Simplicidade e encanto
Wallace Silva, antes do salão, onde está há 18 anos, já conhecia o compositor de outras passagens pela Quilombo, produtora de Milton Nascimento, nos anos 1980 e 1990. O cabeleireiro, fã e amigo é outro que chama a atenção para a educação e generosidade da família. “É uma perda que a gente nem dá conta de explicar. É o próprio Fernando quem mais vai fazer falta na poesia dele”, diz, com a voz embargada. Gil Marciano era quem cuidava do cabelo do poeta. O empresário já foi inclusive personagem das crônicas de Fernando Brant publicadas no EM.
“Ele cortava o cabelo de pouco em pouco tempo, porque não gostava de ver crescer o topete.
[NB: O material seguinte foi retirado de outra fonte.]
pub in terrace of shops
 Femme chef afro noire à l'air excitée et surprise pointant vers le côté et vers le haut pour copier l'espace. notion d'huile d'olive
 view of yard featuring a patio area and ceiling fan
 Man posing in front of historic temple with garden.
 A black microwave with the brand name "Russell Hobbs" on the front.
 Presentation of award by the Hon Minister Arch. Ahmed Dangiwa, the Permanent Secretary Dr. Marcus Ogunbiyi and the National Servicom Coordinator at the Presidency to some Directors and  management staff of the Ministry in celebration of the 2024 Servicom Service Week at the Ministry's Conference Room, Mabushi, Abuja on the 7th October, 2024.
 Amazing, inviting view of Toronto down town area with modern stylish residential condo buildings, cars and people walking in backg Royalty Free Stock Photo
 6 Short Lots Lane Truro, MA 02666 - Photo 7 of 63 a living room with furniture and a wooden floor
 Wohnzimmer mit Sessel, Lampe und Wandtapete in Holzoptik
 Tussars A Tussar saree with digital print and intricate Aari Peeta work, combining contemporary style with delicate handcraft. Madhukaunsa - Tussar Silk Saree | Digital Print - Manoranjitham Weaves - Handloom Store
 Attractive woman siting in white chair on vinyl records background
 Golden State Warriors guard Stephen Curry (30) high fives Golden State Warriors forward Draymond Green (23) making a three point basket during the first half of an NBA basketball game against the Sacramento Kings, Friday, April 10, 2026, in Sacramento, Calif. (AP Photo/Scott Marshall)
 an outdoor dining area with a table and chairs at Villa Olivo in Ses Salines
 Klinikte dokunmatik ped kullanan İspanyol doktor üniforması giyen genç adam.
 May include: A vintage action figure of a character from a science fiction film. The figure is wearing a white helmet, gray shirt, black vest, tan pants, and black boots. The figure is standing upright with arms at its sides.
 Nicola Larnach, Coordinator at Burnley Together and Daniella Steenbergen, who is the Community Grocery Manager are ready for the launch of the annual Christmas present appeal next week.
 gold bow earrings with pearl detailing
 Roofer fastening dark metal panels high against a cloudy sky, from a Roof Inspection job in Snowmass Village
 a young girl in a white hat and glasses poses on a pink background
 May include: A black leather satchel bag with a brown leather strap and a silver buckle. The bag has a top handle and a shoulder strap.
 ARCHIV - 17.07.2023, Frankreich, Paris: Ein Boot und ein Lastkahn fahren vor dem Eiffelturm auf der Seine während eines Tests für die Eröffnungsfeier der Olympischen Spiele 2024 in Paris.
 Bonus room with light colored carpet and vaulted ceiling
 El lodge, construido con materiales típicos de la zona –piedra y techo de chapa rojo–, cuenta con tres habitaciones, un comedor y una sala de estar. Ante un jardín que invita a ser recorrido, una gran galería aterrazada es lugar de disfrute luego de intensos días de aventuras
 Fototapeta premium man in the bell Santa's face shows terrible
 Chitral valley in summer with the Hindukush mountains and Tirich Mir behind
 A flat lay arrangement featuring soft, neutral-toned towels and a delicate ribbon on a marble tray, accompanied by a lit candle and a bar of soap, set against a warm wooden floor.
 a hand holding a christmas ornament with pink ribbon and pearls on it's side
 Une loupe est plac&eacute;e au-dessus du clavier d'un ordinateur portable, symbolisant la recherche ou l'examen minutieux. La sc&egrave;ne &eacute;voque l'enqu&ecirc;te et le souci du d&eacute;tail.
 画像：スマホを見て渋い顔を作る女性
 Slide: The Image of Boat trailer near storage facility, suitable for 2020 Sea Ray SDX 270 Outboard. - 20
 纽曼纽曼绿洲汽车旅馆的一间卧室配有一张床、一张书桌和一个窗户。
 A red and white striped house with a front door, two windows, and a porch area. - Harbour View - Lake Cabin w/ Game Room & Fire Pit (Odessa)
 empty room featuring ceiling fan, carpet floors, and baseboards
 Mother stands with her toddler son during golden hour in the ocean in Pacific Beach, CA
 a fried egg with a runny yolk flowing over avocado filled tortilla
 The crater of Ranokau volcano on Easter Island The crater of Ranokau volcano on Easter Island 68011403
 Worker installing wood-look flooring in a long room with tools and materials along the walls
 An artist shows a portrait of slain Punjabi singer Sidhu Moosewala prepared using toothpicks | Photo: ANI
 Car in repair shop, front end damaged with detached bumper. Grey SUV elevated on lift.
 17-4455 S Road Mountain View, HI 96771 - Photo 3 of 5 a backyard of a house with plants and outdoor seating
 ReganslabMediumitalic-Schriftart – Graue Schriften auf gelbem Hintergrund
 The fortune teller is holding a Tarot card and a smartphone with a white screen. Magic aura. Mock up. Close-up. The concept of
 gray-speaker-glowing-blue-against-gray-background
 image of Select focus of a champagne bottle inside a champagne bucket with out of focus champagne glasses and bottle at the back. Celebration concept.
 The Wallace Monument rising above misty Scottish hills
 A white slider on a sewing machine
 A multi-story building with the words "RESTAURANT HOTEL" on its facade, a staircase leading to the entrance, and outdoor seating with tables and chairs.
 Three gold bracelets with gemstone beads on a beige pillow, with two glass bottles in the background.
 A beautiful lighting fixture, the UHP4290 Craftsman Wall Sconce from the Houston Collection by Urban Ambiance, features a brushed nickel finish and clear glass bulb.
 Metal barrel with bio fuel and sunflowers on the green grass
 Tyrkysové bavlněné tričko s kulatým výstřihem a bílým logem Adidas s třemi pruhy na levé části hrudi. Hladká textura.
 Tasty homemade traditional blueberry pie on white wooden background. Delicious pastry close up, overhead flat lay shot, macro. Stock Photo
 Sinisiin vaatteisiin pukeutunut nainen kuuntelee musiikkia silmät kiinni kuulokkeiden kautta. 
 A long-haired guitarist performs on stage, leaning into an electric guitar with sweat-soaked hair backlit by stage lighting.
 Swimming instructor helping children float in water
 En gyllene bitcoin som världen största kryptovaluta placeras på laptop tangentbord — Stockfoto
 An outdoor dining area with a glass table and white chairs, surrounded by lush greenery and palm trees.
Uma vez, mudei o jeito de pentear. Ele demorou a voltar e fiquei preocupado. Quando voltou, perguntei se tinha ficado aborrecido e ele disse: ‘Não acredito que eu passei a vida inteira brigando com o meu topete, penteando para o lado errado. Ficou muito bom’. E sorriu”, conta Gil. “O bom humor e a sensibilidade dele para falar e escrever vão ficar em mim para toda a vida”, pontua.
MERCADO
No Mercado Central, no Mané Doido, Fernando arrebatou o coração da família Drumond. A começar pelo Manoel Penido, o próprio Mané, que, emocionado, mal dá conta de falar sobre a partida do amigo. Fôlego retomado, o comerciante aposentado elogia o poeta: “Desconheço defeito no Fernando Brant. Um amigo que me trouxe muita alegria, quando lançou o livro dele no meu bar. Ele fez morada no coração do povo de Belo Horizonte”, diz. Fátima Drumond, filha do Manoel, também se emociona ao falar do compositor. “Fez caso do meu pai, fez caso de mim. O Fernando é poeta que eternizou a amizade com a Canção da América”, diz a professora, que homenageia o compositor em seu mestrado em administração.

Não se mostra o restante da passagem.